PySpark for Absolute Beginners/Real-World Patterns

Broadcast Joins — Eliminating Shuffles for Small Tables

Learn how PySpark broadcast joins work, when to use them, how to control the broadcast threshold, and the performance gains they provide.

Broadcast Joins — Eliminating Shuffles for Small Tables

What You'll Learn

What a broadcast join is and how it works
When to use broadcast joins vs regular joins
How to force a broadcast with broadcast()
How to check if Spark is auto-broadcasting
The broadcast size threshold and how to tune it

The Problem: Shuffle Joins Are Expensive

In Lesson 15, we joined orders (large) with customers (small).

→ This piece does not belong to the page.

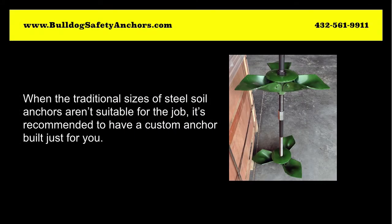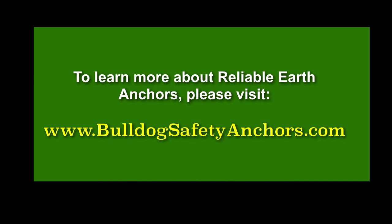When the traditional sizes of steel soil anchors aren't suitable for the job, it's recommended to have a custom anchor built just for you. To learn more about reliable earth anchors, please visit BulldogSafetyAnchors.com.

In Lesson 20, we learned that joins trigger shuffles — both tables get redistributed across the cluster by the join key.

But think about it: if the customers table has only 5,000 rows (a few MB), why shuffle 100 million order rows? It's like moving an entire library to find one book.

The Solution: Send the Small Table Everywhere

A broadcast join copies the small table to every executor. Then each executor can join its local partition of the large table with the complete small table — no shuffle needed.

Regular join:
  Orders (100M rows) ──shuffle──┐
                                 ├── Join
  Customers (5K rows) ─shuffle──┘

Broadcast join:
  Orders (100M rows) ─── no shuffle ─── Join
  Customers (5K rows) ── copied to every executor

from pyspark.sql import SparkSession
from pyspark.sql.functions import broadcast, col

spark = SparkSession.builder.appName("BroadcastJoin").getOrCreate()
spark.sparkContext.setLogLevel("ERROR")

# Large table: 100,000 orders
orders_data = [(i, i % 100, f"product_{i % 50}", i * 10.0) for i in range(100000)]
orders = spark.createDataFrame(orders_data, ["order_id", "customer_id", "product", "amount"])

# Small table: 100 customers
customers_data = [(i, f"Customer_{i}", f"City_{i % 10}") for i in range(100)]
customers = spark.createDataFrame(customers_data, ["customer_id", "name", "city"])

print(f"Orders: {orders.count()} rows")
print(f"Customers: {customers.count()} rows")

Using broadcast()

# Force broadcast of the small table
result = orders.join(broadcast(customers), on="customer_id", how="inner")
result.explain()

Expected Output (Physical Plan)

*(2) BroadcastHashJoin [customer_id], [customer_id], Inner, BuildRight
:- *(2) Scan ExistingRDD [order_id, customer_id, product, amount]
+- BroadcastExchange HashedRelationBroadcastMode(List(customer_id))
   +- *(1) Scan ExistingRDD [customer_id, name, city]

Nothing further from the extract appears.